PROBLEM TO SOLVE — One range is to be output from the listing below, exactly as written: the line with "Placeholder for: Person" to the line with "Ein Zimmer mit", both kept.

RECORDS SHOWN —
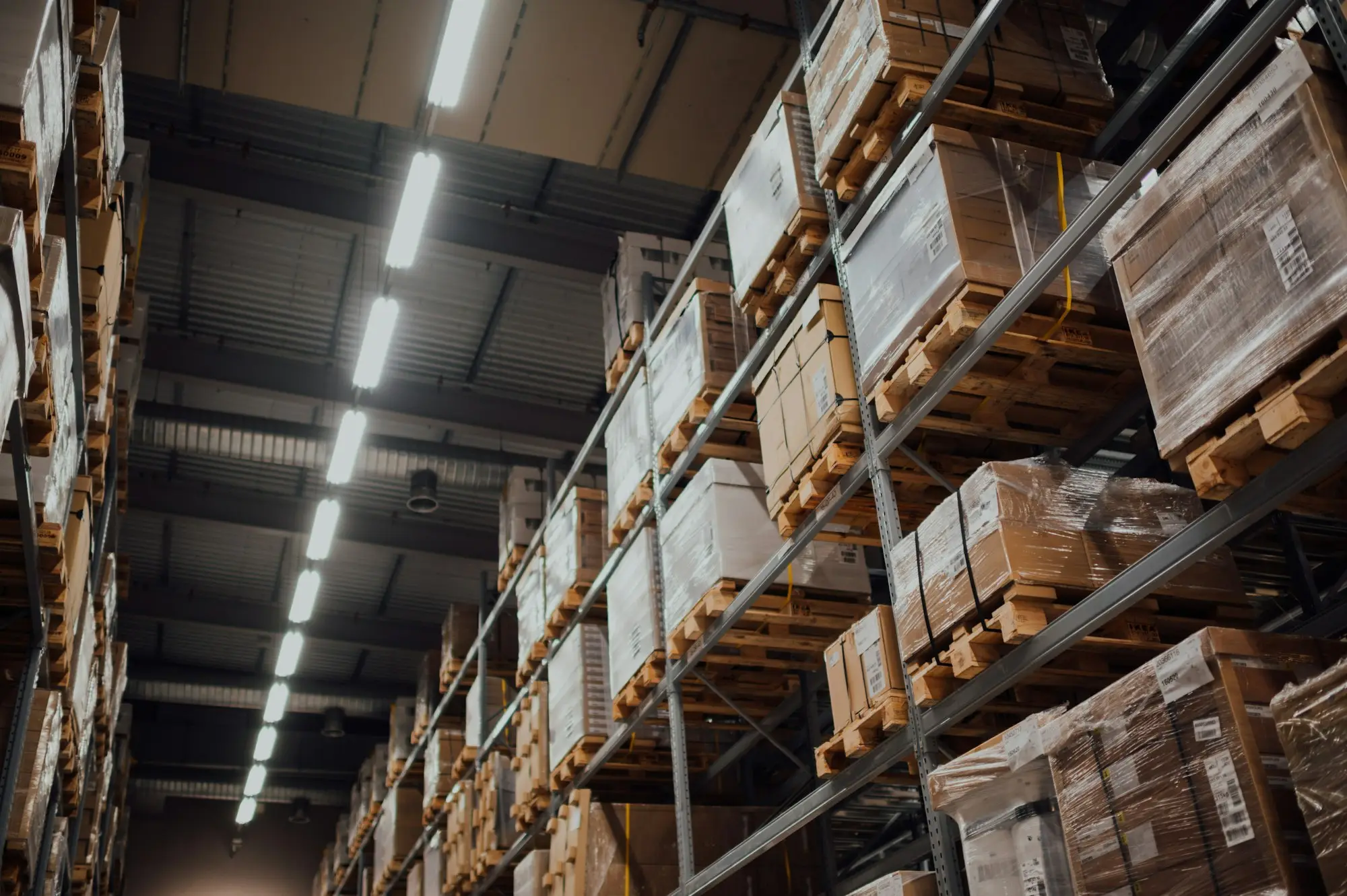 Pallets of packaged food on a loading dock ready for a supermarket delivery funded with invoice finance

...

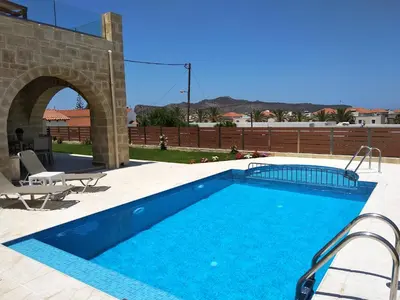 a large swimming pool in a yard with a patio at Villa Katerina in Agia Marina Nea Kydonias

...

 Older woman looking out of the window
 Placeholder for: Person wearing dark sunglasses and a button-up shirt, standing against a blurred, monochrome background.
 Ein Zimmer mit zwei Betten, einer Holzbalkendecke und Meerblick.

RESULT OF THE EXERCISE —
 Placeholder for: Person wearing dark sunglasses and a button-up shirt, standing against a blurred, monochrome background.
 Ein Zimmer mit zwei Betten, einer Holzbalkendecke und Meerblick.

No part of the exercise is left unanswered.